ASSIGNED TASK:
Transcribe nothing but the lines from the one with "Ren Capucao, a" to the end of the entries, both included, keeping each exact and leaving every picture out.

Entries taken from a collection:
========================================================================

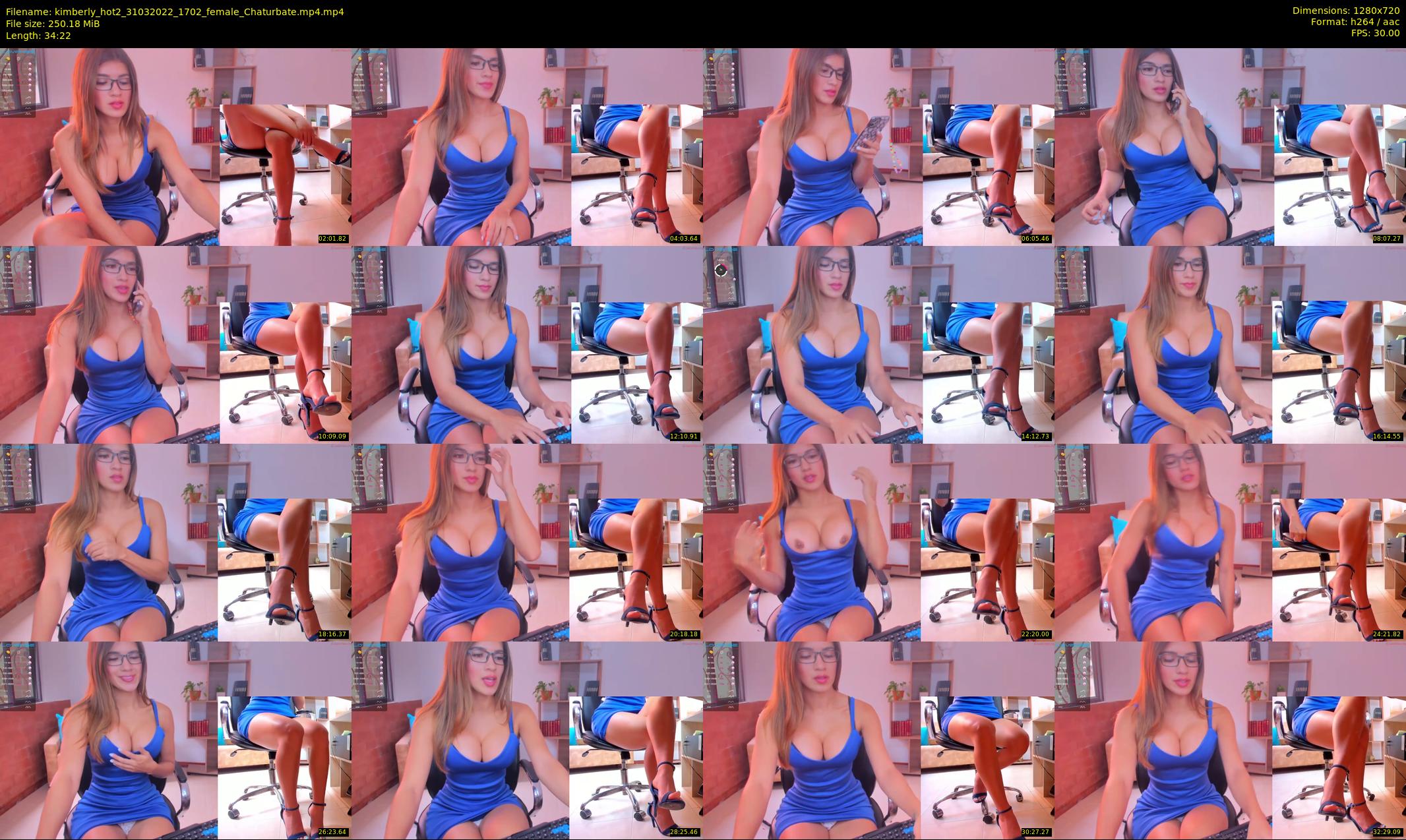 kimberly_hot2 — 35 minute Chaturbate female cam show recording, 720p, Mar 31, 2022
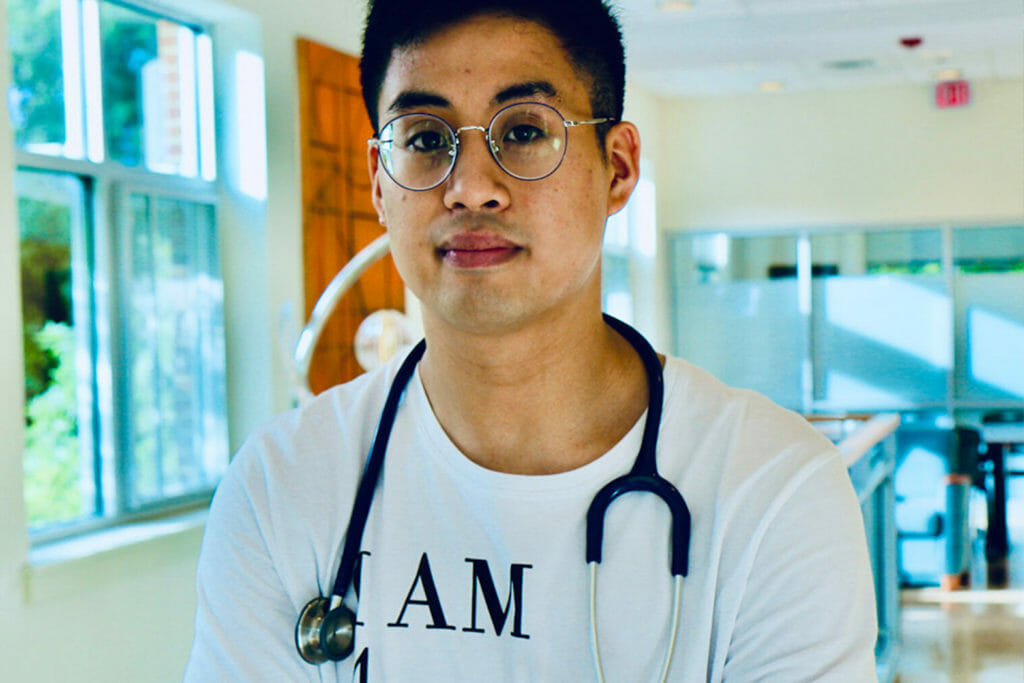 Ren Capucao, a PhD candidate, nurse and editor of Nursing Clio, will travel to the Philippines to continue his investigations on the history of Filipino American nurses. UVA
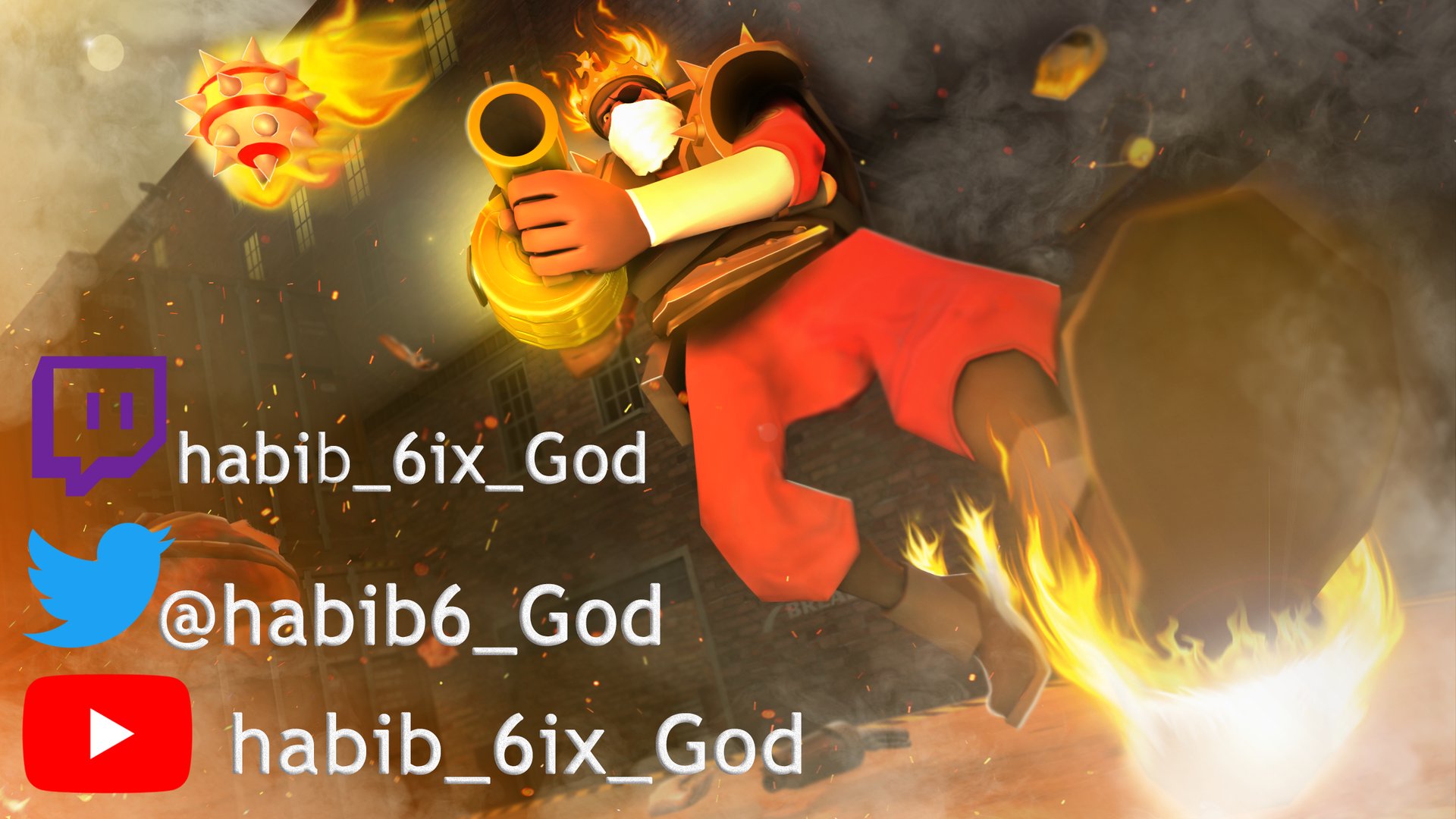 habib_6ix_God Offline Background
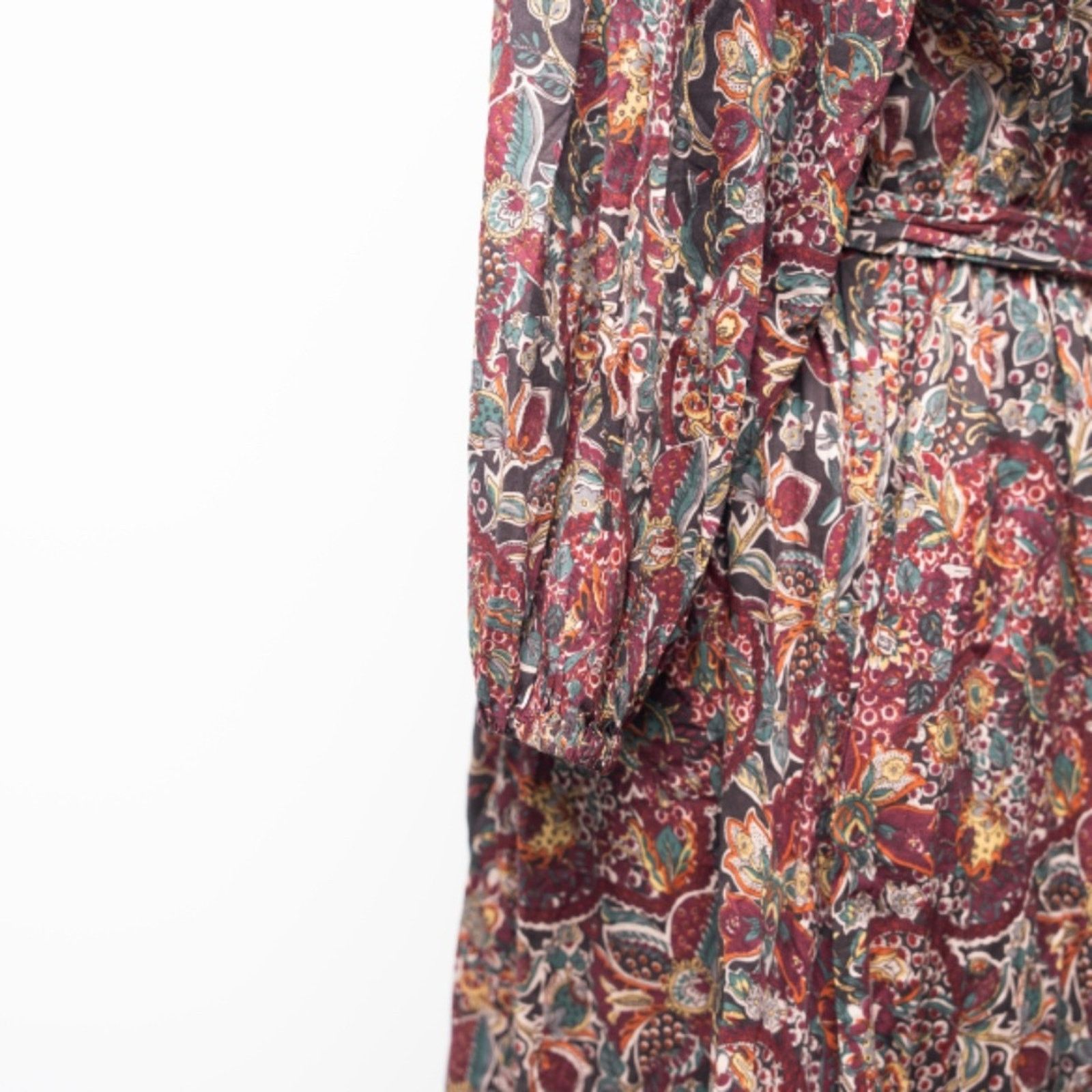 Lauren Ralph Lauren Lauren Ralph Lauren. Petite Floral Belted Cotton Dress. Size XL / US 12-14 / IT 48-50 - 5 Thumbnail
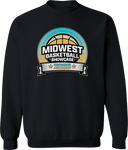 Crew Sweatshirt - The Midwest Basketball Showcase 2026 - Secondary
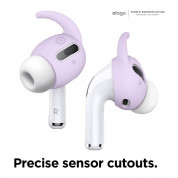 Elago Airpods Pro Earbuds Hooks for Apple Airpods Pro (lavender) 6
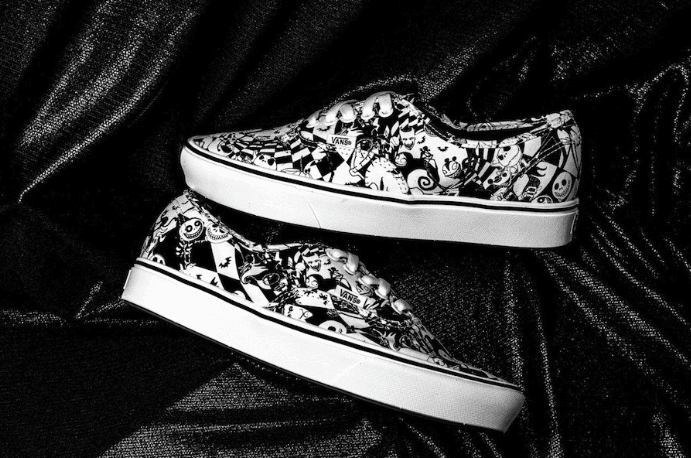 哥特风来袭！Vans“The Nightmare Before Christmas”系列下月发售！
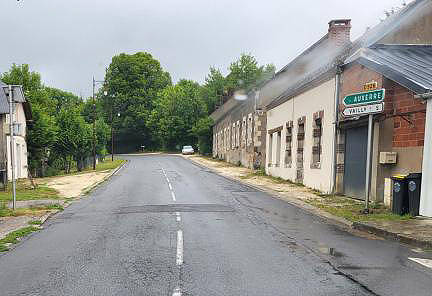 ... und Ankunft in Bellechaume ... und Ankunft in Bellechaume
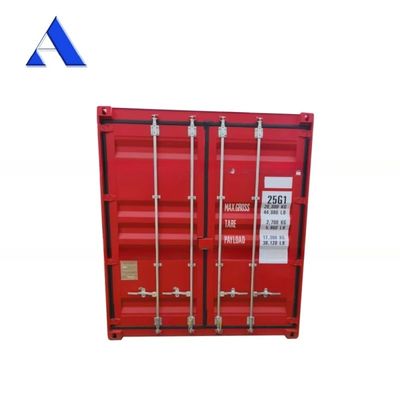 10ft 10 Foot Double Roller Shutter Doors Shipping Container Set Εσωτερικές διαστάσεις L x W x H 2840 x 2353 x 2698 mm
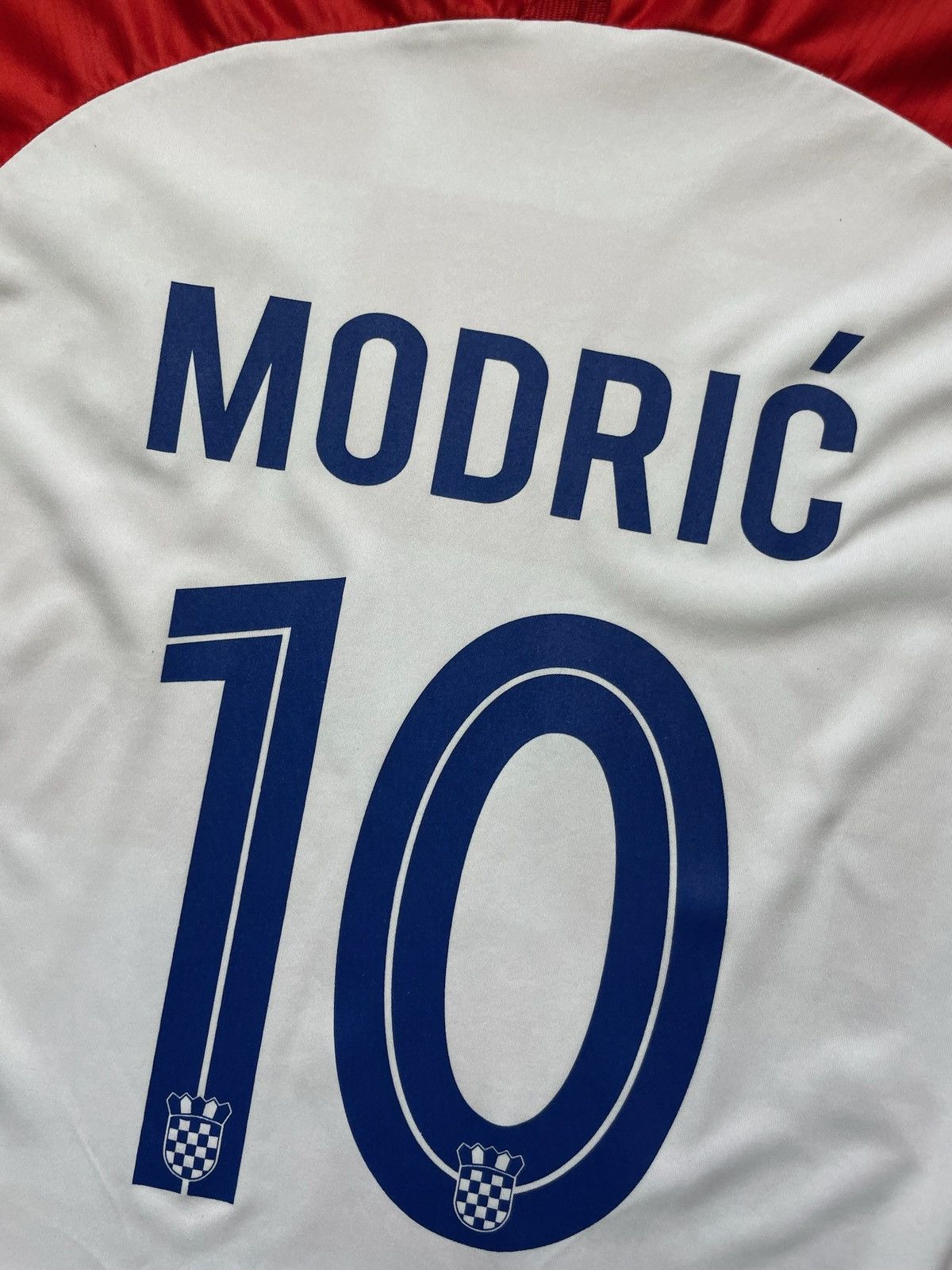 Vintage Vintage Croatia 10 Modric rare plaid size S Size US S / EU 44-46 / 1 - 6 Thumbnail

========================================================================

WRITTEN ANSWER:
 Ren Capucao, a PhD candidate, nurse and editor of Nursing Clio, will travel to the Philippines to continue his investigations on the history of Filipino American nurses. UVA
 habib_6ix_God Offline Background
 Lauren Ralph Lauren Lauren Ralph Lauren. Petite Floral Belted Cotton Dress. Size XL / US 12-14 / IT 48-50 - 5 Thumbnail
 Crew Sweatshirt - The Midwest Basketball Showcase 2026 - Secondary
 Elago Airpods Pro Earbuds Hooks for Apple Airpods Pro (lavender) 6
 哥特风来袭！Vans“The Nightmare Before Christmas”系列下月发售！
 ... und Ankunft in Bellechaume ... und Ankunft in Bellechaume
 10ft 10 Foot Double Roller Shutter Doors Shipping Container Set Εσωτερικές διαστάσεις L x W x H 2840 x 2353 x 2698 mm
 Vintage Vintage Croatia 10 Modric rare plaid size S Size US S / EU 44-46 / 1 - 6 Thumbnail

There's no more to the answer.